In between gardening and having my second dentist’s visit I have been able to do a few sketches.
These three are of the village, one the huge horse chestnut tree by the village hall, an evening sky against the white may hedges and a clump of hedge with may and cow parsley.
It’s the prettiest time of the year… These are done on a small Kilimanjaro watercolour paper sketch book . Its the first time I have tried it and its a nice landscape 10″x 5″ with 140 lb paper. Very good for small sketches.

Leaf of the Day: Garden Sketches

My plans for the next few days have been rather severely disrupted as I have had to make an emergency visit to the dentist today. The prospect of a triple root canal filling over two days has rather sapped my enthusiasm for life but the garden is pretty and I am trying to forget the pain and do some sketching.

First the old apple tree.. now, I think, almost completely hollow but still clinging onto life, the old village well, and the 5 sticks near the crab apple tree which I drew yesterday. It’s still practice in mixing green but I must admit that this miserable toothache has made me indifferent to what I am mixing. These are small sketch book pages 5 x 8″ on rather poor quality paper but it’s OK for sketching.

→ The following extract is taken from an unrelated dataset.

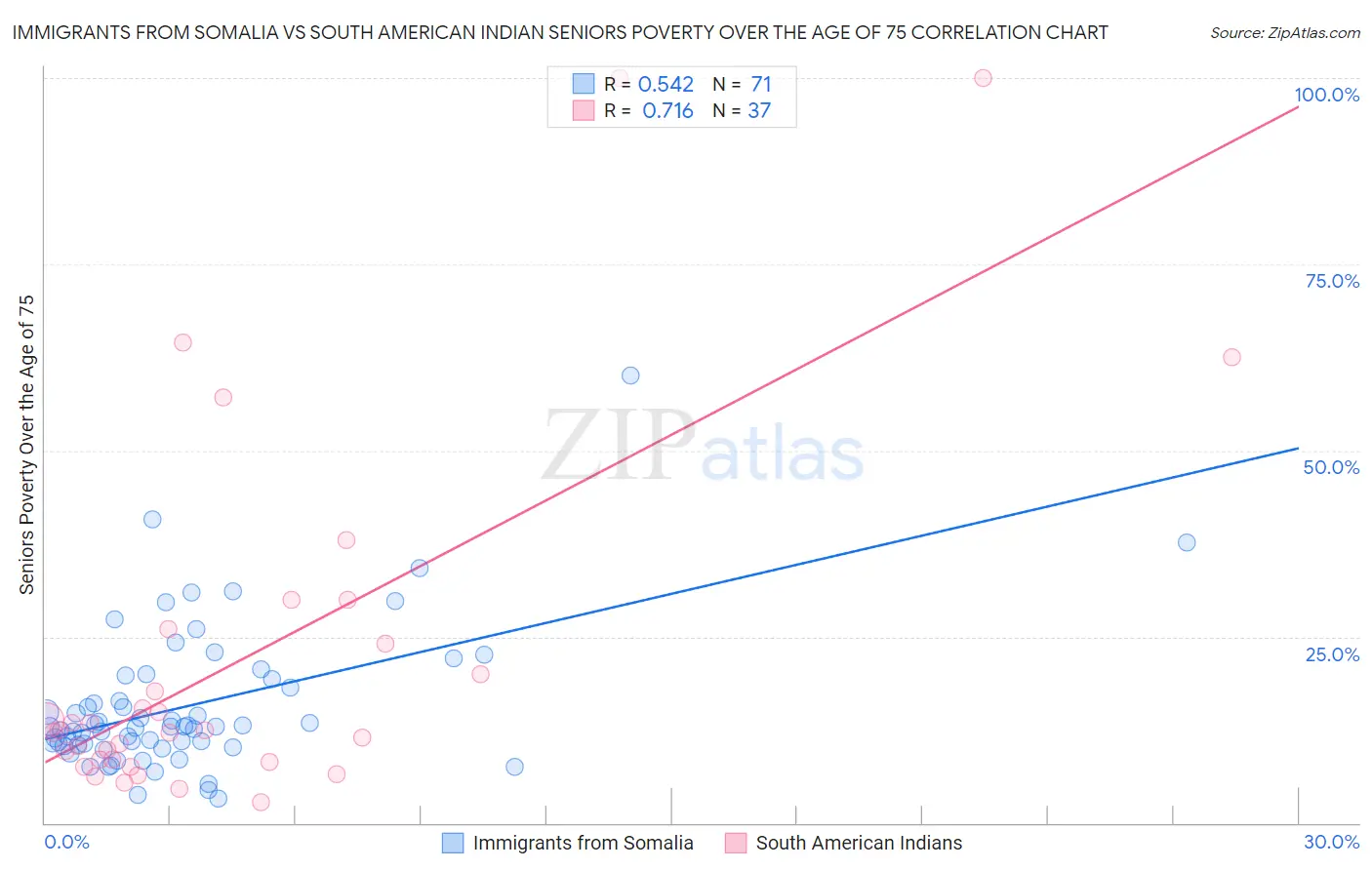 Immigrants from Somalia vs South American Indian Seniors Poverty Over the Age of 75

I really like the 5 sticks.

Leaf of the Day: Bird’s Foot Ivy

Lincolnshire in May is looking wonderful. As I drove up through the country lanes yesterday there were cowslips aplenty growing in the verges. The hedges are coated with white and pink may blossom and the huge horse chestnut trees are just shedding their blossoms in a rain of white petals. In the garden the tree peony is in bloom, the copper beech tree colour is glorious and the sun is shining. I have spent the day weeding and planting out some bedding plants, good honest toil. The robin who always comes and does those very cute robin things …perching on the wheelbarrow, perching on the fork handle etc…did not let me down and I was glad to see 2 magpies for good luck hopping about the lawn.

The apple blossom is over, more or less, but scrambling enthusiastically up the crab apple tree in dad’s garden is this pretty and elegant bird’s foot ivy. This drawing shows the different variations in leaf from just one small section of the plant.
I also liked the 5 sticks which are enigmatically propped up against the old wall, just by the tree, so I have made a quick pencil sketch. I think they come in the “useful sticks” category of garden implements. Every gardener will understand.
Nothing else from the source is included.